Writer Bonnard Lawson

Maître Pierre-Yves Lucas, avocat installé à Dubaï, est spécialisé dans la rédaction de contrats et dans les montages juridiques relatifs à tous types de transactions commerciales et en matière d’arbitrage international. Il nous parle aujourd’hui de son métier, des problématiques rencontrées, mais aussi de son ressenti sur la place des Français et des entreprises françaises au sein des pays du Golf.

Lepetitjournal.com/Dubaï : En mai 2015, vous finalisez un partenariat de votre cabinet d’avocat parisien TRILLAT & ASSOCIES avec le cabinet BONNARD LAWSON à Dubai. Pouvez-vous nous présenter votre parcours professionnel ?

Je suis d’origine bretonne, je suis donc toujours un peu tourné vers le large. J’ai commencé à étudier le droit à Rennes pour finir mes études de droit maritime en Angleterre puis aux Etats Unis. J’ai notamment un master en droit maritime. C’est une spécialisation qui vous demande de voyager énormément, ce qui ne me déplaît guère ayant vite été attiré par la vie à l’étranger. J’ai intégré le cabinet parisien GIDE LOYRETTE NOUEL, mais mon envie de partir à l’international me démangeait chaque jour un peu plus. C’est ainsi que j’ai été envoyé à Riyad pour prendre la direction du bureau saoudien de ce cabinet parisien. J’y suis resté avec ma famille cinq ans. J’ai travaillé essentiellement pour des entreprises françaises spécialisées dans les domaines tels que le pétrole et le BTP, mais aussi pour l’État français et ses officines dans le domaine de l’armement. Je me suis spécialisé dans la rédaction de contrats pour des projets porteurs ce qui est très positif comme démarche contrairement à l’activité contentieuse à certains égards, anti-économique. Par exemple, nous nous occupions de rédiger des contrats dans le cadre des ventes de sous-marins, contrats qui rapprochent les pays qui se retrouvent engagées dans une sorte d’obligation de réussite ou de bon résultat.

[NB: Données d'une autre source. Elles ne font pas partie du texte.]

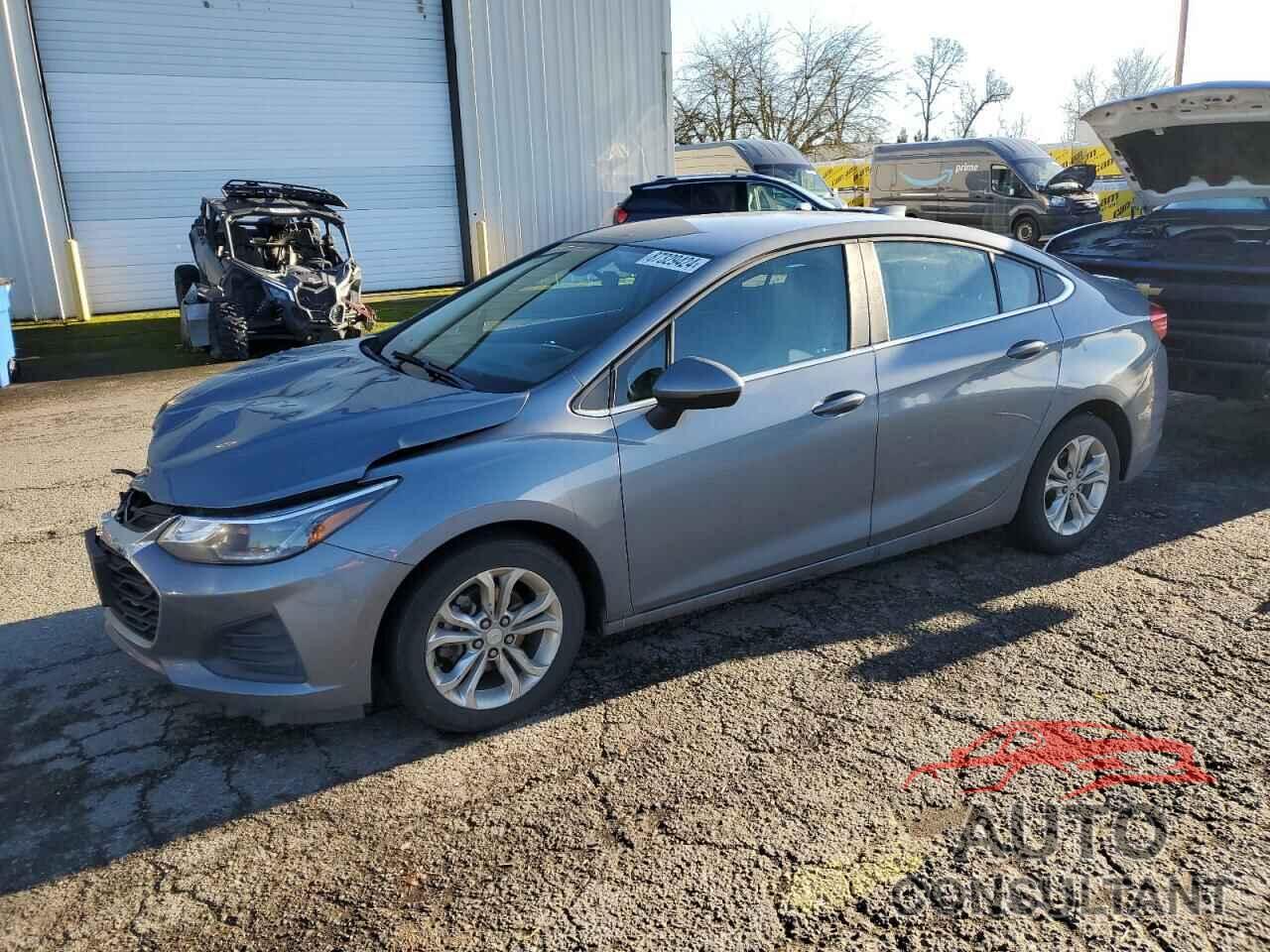 CHEVROLET CRUZE 2019 - 1G1BE5SM3K7102855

Nous sommes ensuite rentrés à Paris afin que nos enfants poursuivent leurs scolarités. Après plusieurs années, j’ai rejoint le cabinet TRILLAT & ASSOCIES en tant qu’associé toujours dans le domaine de l’arbitrage et des transactions internationales et ai donné des cours de droit international à l’Université Paris V. Cette étape française ne m’a pas empêché de voyager encore dans de nombreux pays. Puis l’année dernière, connaissant déjà bien la région, nous avons décidé avec mes partenaires d’ouvrir un bureau à Dubaï.

Vous qui avez voyagé et travaillé dans de nombreux pays, pourquoi avoir choisi cette destination ?

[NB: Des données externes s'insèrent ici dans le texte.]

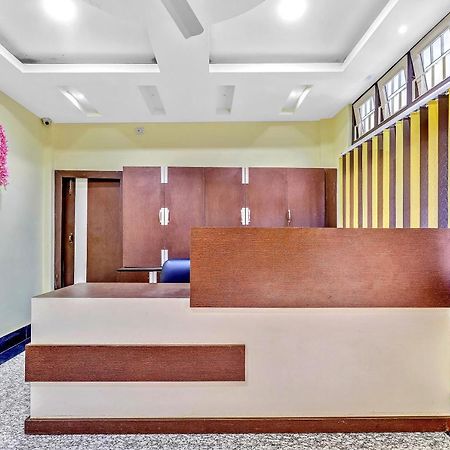 גווהטי Capital O 85514 Kalpana Hotel מראה חיצוני תמונה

Je me suis toujours plu dans les pays arabes, c’est un peuple très accueillant. Ma première expatriation familiale, qui fut donc en Arabie Saoudite à Riyad, était une destination choisie et fut une expérience heureuse. Le choix de Dubaï, aujourd’hui, vient du fait que c’est une place économique en pleine expansion. De nombreuses entreprises françaises s’y implantent chaque année. C’est aussi un Hub qui vous permet de développer vos activités à l’international avec une très grande sécurité juridique. A cet égard, il est très intéressant de souligner le fait que les bases juridiques, contractuelles et comptables des Émirats Arabes Unis sont d’origine française. En effet, le droit civil dans la région provient du code napoléonien qui a été importé par les Égyptiens et ne provient en aucun cas des anglo-saxons. Il est donc tout à fait légitime d’ouvrir un cabinet français à Dubaï.

Présentez-nous les problématiques auxquelles votre cabinet répond ?  

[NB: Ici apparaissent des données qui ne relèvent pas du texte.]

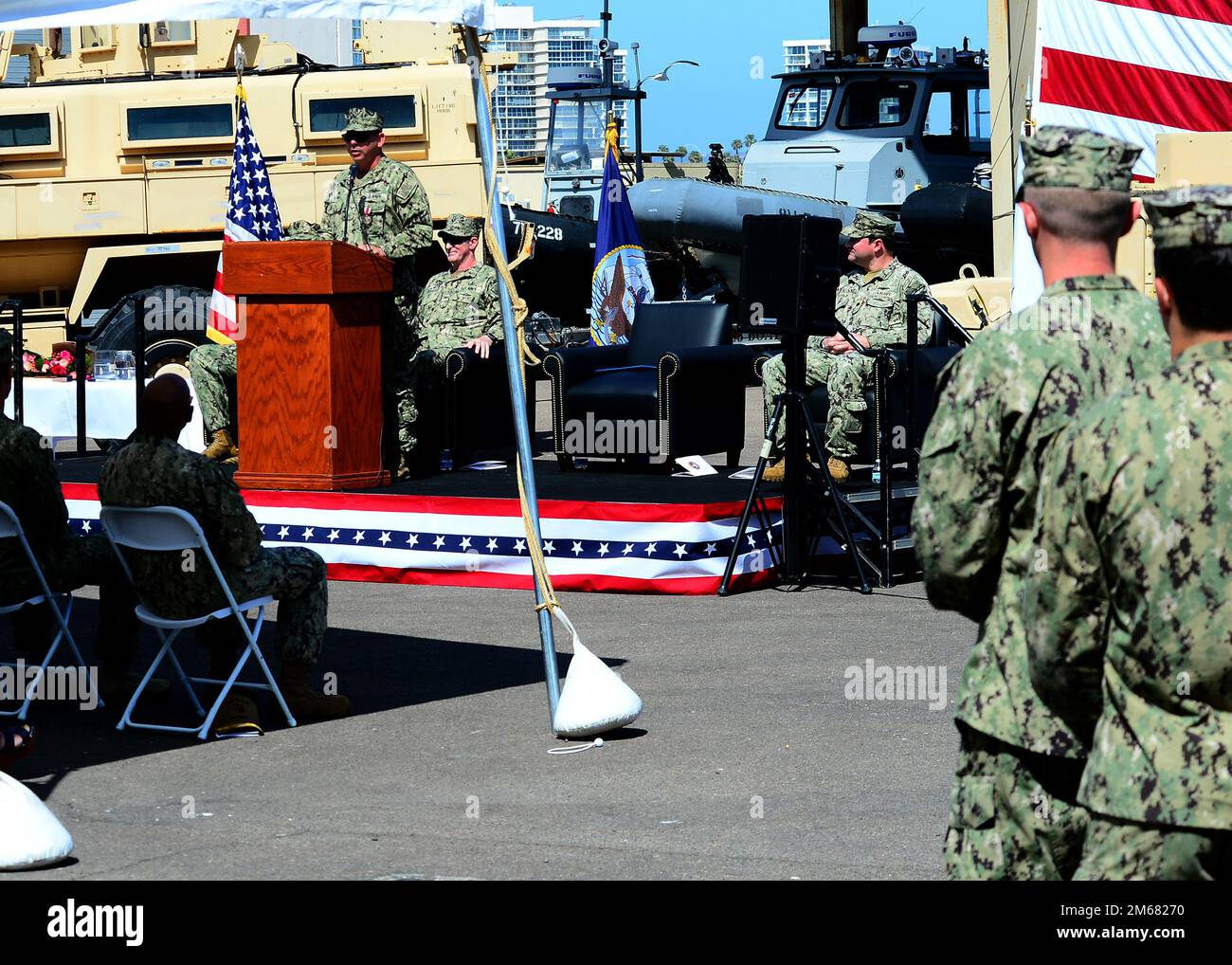 CORONADO, California (15 aprile 2022) il capitano Patrick Brown, il comandante uscente dell'unità Expeditionary Support Unit (EODESU) 1, interviene durante la cerimonia di cambio di comando dell'unità presso la base navale anfibio di Coronado, il 15 aprile 2022. EODESU-1 progetta, coordina, integra e fornisce supporto logistico che consente al gruppo di smaltimento delle Ordnance esplosive (EODGRU) 1 e alle sue unità di sostenere la flotta e la forza comune nel raggiungimento degli obiettivi nazionali. Foto Stock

Nous intervenons essentiellement dans l’accompagnement des entreprises qui souhaitent s’implanter ou qui exercent une activité à Dubaï ou à partir de Dubaï. Il y a beaucoup de problématiques qui se posent quand vous souhaitez ouvrir une société et des pièges qu’il faut savoir éviter. Par exemple, beaucoup pensent naïvement qu’il suffit de s’installer dans une zone franche afin de se soustraire de toute contrainte et notamment du sponsorship local. C’est vrai qu’avec plus d’une vingtaine de zones franches dans les EAU, c’est assez tentant. Tout d’abord, il faut noter qu’être en zone franche, ne vous exonérera pas d’avoir une licence qu’il conviendra de renouveler tous les ans. De plus, être en zone franche, vous permet, certes, de commercialiser votre activité dans les pays de la région et ailleurs, mais en aucun cas avec les entreprises locales ou sur le territoire des EAU. Point souvent oublié par les principaux intéressés qui peuvent vite se retrouver dans l’illégalité. L’absence de sponsor ou d’imposition n’est pas à ce point permissive.

Nous occupons aussi des ressortissants pour les testaments et la garde des enfants. La responsabilité des dirigeants français d’entreprises à la lumière de la récente loi sur la liquidation prend un nouveau relief. Enfin, l’évolution de la jurisprudence nécessite de revisiter les accords passés avec les sponsors lesquels sont extrêmement exposés par la nouvelle réglementation contre la dissimulation commerciale.

Si vous aviez un message à faire passer aux entreprises françaises installées aux Émirats, quel serait-il ?

Le message est assez simple : jouer la carte du savoir-faire français ! Les relations entre nos deux pays sont très fortes. Nous avons une présence militaire importante dans la région, signe des relations étroites entre nos deux nations. Il y a beaucoup de Français aux spécialités très pointues installés à Dubaï et qui ne sont pas assez visibles. Nous avons des atouts incroyables que nous devons exploiter plus largement ; tout le monde y serait gagnant. Et l’initiative du FBC ‘’Speed Meetings’ de faire se rencontrer les petites et les grandes entreprises françaises dont le LPJ s’est fait l’écho, va vraiment dans le bon sens.